“Despite this vast body of theoretical knowledge, few of the parsers that are in production systems today are textbook cases of the theory. Many opt for hand-written parsers that are not based on any formalism at all.”
Ah, to say that a parser is hand written is not to say that it is not based on any formalism. In fact, recursive descent parsers can be derived by taking a context-free language in Chomsky Normal Form, transforming that to Greibach Normal Form and basing on recursion that uses each left-production to determine which further functions to call. I don’t think anyone can produce a recursive descent parser of any length without a fairly intimate understanding of language transforms - not a bad thing imo.

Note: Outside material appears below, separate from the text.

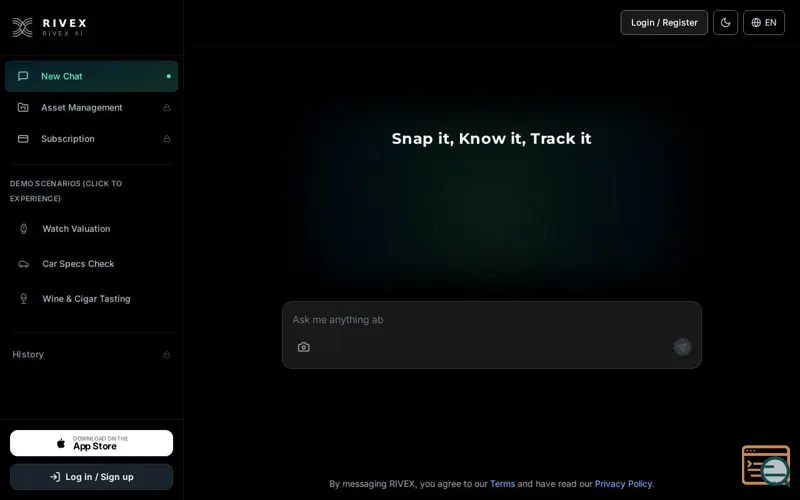 Screenshot of RIVEX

I think generating a parse by hand is useful since it gives one a pretty exact idea what’s happening. Using Yacc-code always seemed klunky and less-clear to me. I’ll admit I’ve only tried to read Yacc code rather than creating it but I still think that’s part of the point - recursive descent parsers are fairly easy to create and easy to understand if documented reasonably well. And it is quite possible to add hooks for features that make the language not-context free but which happen to be desirable as well as adding intermediate function to make the code easier to understand. But all that, again, is a good imo.
And it’s ironic for someone to cite Ruby as an example of doing good by using Bison - the original Ruby Bison code was a complete incomprehensible cluster-fuck that took years to sort out (if it has been sorted out, I stopped paying attention). That language was specified by Bison did not change the situation that Ruby had no standard, that “MRI” (Matz Ruby Implementation) was the only real gold standard of Ruby behavior for a long time (I’m hoping it’s not anymore).
Yeah, I didn’t find the “Theory vs. Practice” section the strongest part of the article. But the rest of the article (starting with the section after that one) is a quite good overview of the ambiguity problem in CFGs, imo, and has a good discussion of why various proposed approaches to let you sidestep ambiguity (PEGs, GLR parsers, etc.) don’t really solve the problem.
The post linked here, LL and LR Parsing Demystified, is one of the better treatments of the subject I’ve seen.